More than Beaujolais or Bordeaux or their passionately loved franc, the illicit love affair has always held a special place in the hearts of Frenchmen. The magnificent Chateau de Chenonceaux is Henri II's tribute to his mistress, Diane de Poitiers. French authors and artists--Emile Zola and Bonnard, for example--have immortalized their mistresses in their art. For the past 18 years the popular daily newspaper France Soir has run an illustrated serial titled "Famous Love Affairs." And now comes a bestselling survey of 93 French males entitled The Sexual Behavior of the Married Man in France.

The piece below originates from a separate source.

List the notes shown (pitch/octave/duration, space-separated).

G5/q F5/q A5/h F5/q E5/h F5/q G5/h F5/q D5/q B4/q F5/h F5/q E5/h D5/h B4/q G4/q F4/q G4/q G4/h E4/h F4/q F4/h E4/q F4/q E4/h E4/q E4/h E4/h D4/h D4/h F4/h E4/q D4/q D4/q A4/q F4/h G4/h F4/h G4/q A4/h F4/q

In his book, Author Jacques Baroche, a poet turned investigator, confirms the legend of French wanderlust; 90% of the French husbands who talked to him admitted being unfaithful. But he finds that another Gallic institution has become oldfashioned: the pace of modern life has caused many a Frenchman to discard his pampered mistress in favor of the quickie sex act.

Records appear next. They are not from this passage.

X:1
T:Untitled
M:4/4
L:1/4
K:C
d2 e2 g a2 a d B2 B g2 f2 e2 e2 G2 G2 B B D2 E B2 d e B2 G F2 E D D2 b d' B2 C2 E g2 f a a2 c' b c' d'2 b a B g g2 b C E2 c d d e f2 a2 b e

Vanishing Breeders. Mistresses are obsolete, one insurance agent suggested, because "only one thing counts in love--it is the brief encounter." Added a financier, "The principal quality of a woman is neither beauty nor charm nor intelligence, it is novelty." Equally unexpected is Baroche's revelation that the French lover of fabled expertise is a vanishing breed; many men were simply bored with the foreplay in lovemaking. "I have a horror of the preliminaries of love," one of them confided. "The process of taking off one's clothes becomes a handicap with habit." In short, the smooth French lover, typified for millions by Charles Boyer's 1938 role as the romantic Casbah thief in Algiers, is becoming extinct.

Some of Baroche's interviews verge on the implausible: he claims to have found one couple who learned to make love in a tiny Citroen "Deux Chevaux" auto--after they persuaded the man's dog to remain in the back seat. Serious social scientists are not sure that Baroche interviewed a sufficiently wide variety of Frenchmen to reach any valid conclusions. Still, he talked to enough to find one man who asked, "How does it happen that I have never deceived my wife?" then shrugged and answered his own question: "I don't want to complicate my life. I must be the exception that proves the rule."